Search code examples
perlsearchparsingcontext-free-grammardbix-class

Parsing a Gmail-style advanced search syntax?


I want to parse a search string similar to that provided by Gmail using Perl. An example input would be "tag:thing by:{user1 user2} {-tag:a by:user3}". I want to put it into a tree structure, such as

{and => [
    "tag:thing",
    {or => [
       "by:user1",
       "by:user2",
    ]},
    {or => [
       {not => "tag:a"},
       "by:user3",
    ]},
}

The general rules are:

  1. Tokens separated by space default to the AND operator.
  2. Tokens in braces are alternative options (OR). The braces can go before or after the field specifier. i.e. "by:{user1 user2}" and "{by:user1 by:user2}" are equivalent.
  3. Tokens prefixed with a hyphen are excluded.

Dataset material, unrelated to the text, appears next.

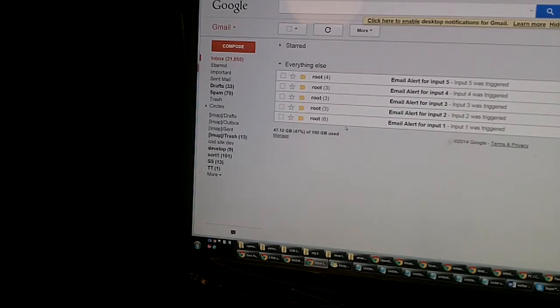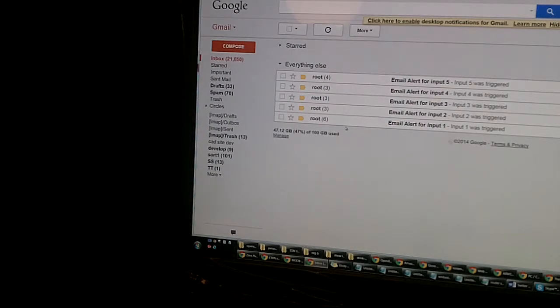As you can see, almost as soon as you trigger each input, the email is sent almost instantaneously.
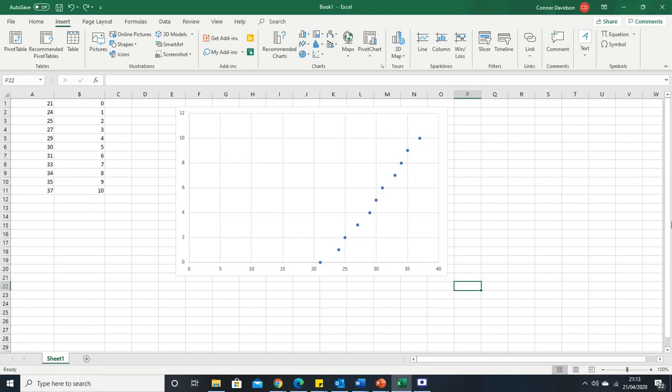In this quick Excel tutorial I'm going to teach you how you can swap your x and y values on a graph.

These elements can also be combined and nested: e.g. "{by:user5 -{tag:k by:user3}} etc".

I'm thinking of writing a context-free grammar to represent these rules, and then parsing it into the tree. Is this unnecessary? (Is this possible using simple regexps?)

What modules are recommended for doing parsing context-free grammars?

(Eventually this will be used to generate an database query with DBIx::Class.)


Solution

  • Regex doesn't do nested things (like parenthesis) very well. By the time you get your regex counting parenthesis and capturing correctly, you could probably have a decent CFG parser. CFGs can logically guarantee correct parsing, while with a regex solution you're leaving a lot up to the magic. I can't recommend any Perl CFG libaries, but coding one sounds very cathartic.